» **Exercise data**
◆ ◆ ◆ ◆ ◆ ◆ ◆
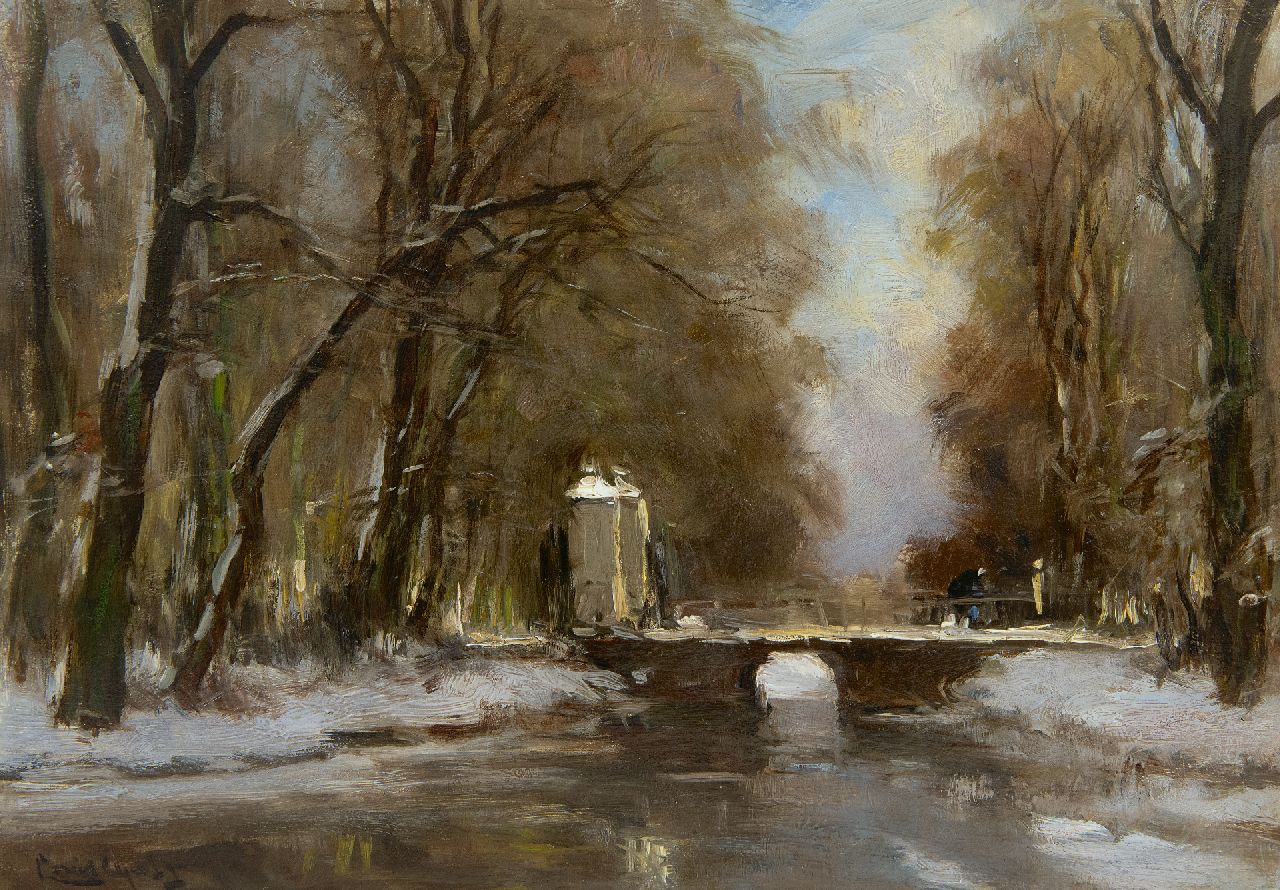 Apol L.F.H.  | Lodewijk Franciscus Hendrik 'Louis' Apol, Winter in het Haagse Bos, olieverf op paneel 24,4 x 34,9 cm, gesigneerd linksonder en te dateren ca. 1930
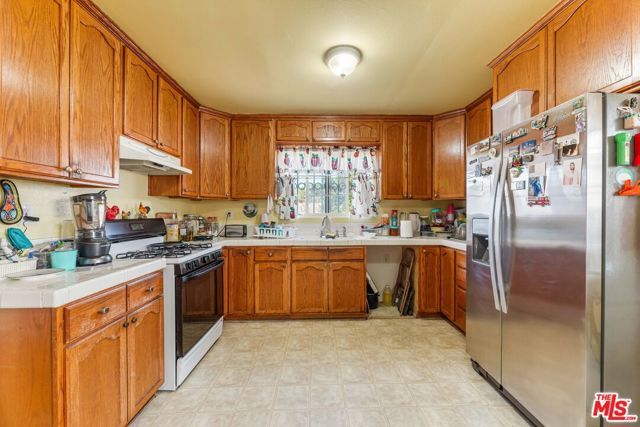 3340 Gleason Avenue, Los Angeles, CA 90063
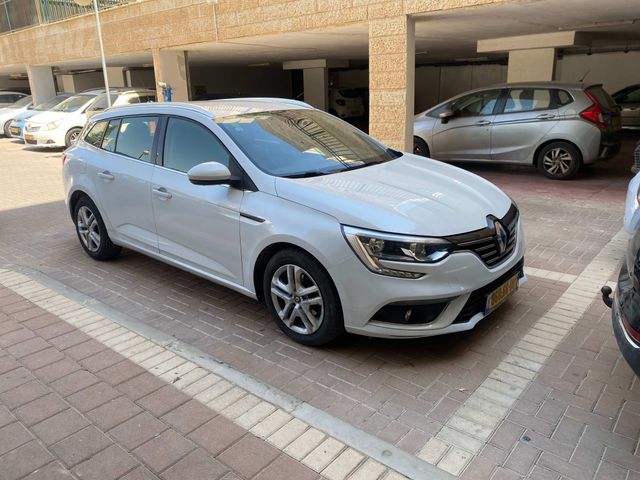 רנו מגאן
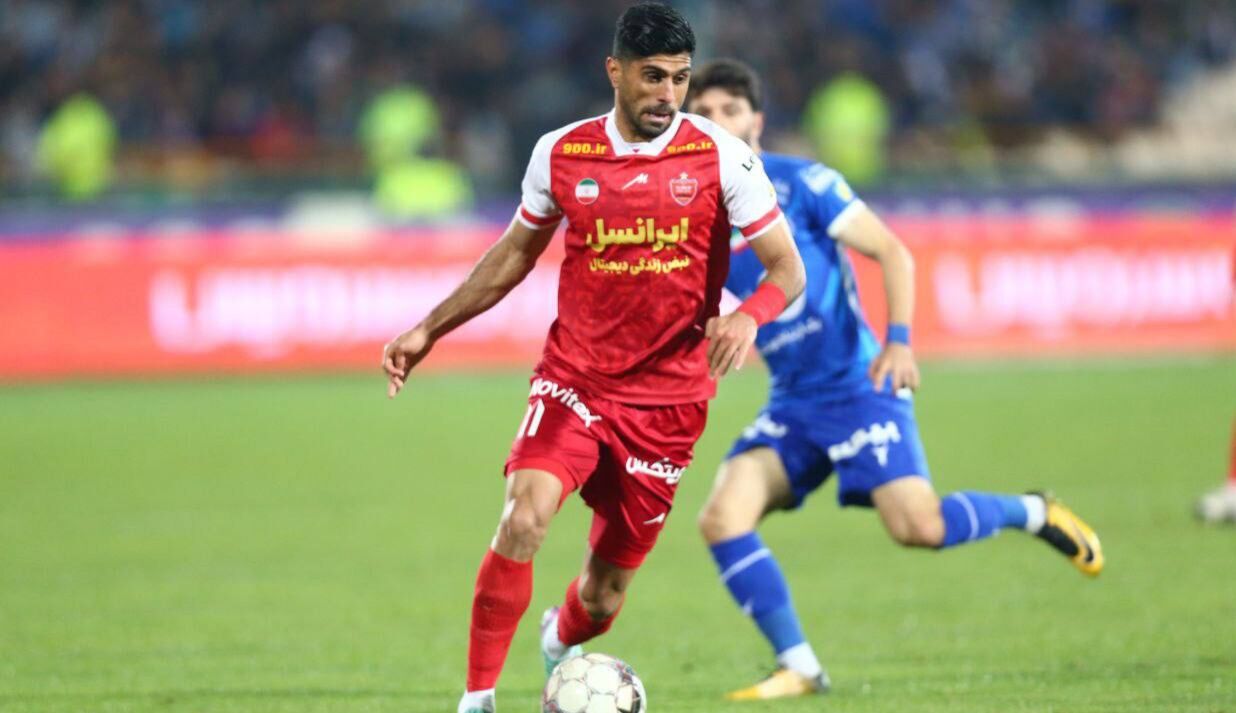 مدافع پرسپولیس ماندنی می‌شود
◆ ◆ ◆ ◆ ◆ ◆ ◆
» **Your instructions**
Leaving the images out, retype all the material above exactly.

» **Reply**
 Apol L.F.H.  | Lodewijk Franciscus Hendrik 'Louis' Apol, Winter in het Haagse Bos, olieverf op paneel 24,4 x 34,9 cm, gesigneerd linksonder en te dateren ca. 1930
 3340 Gleason Avenue, Los Angeles, CA 90063
 רנו מגאן
 مدافع پرسپولیس ماندنی می‌شود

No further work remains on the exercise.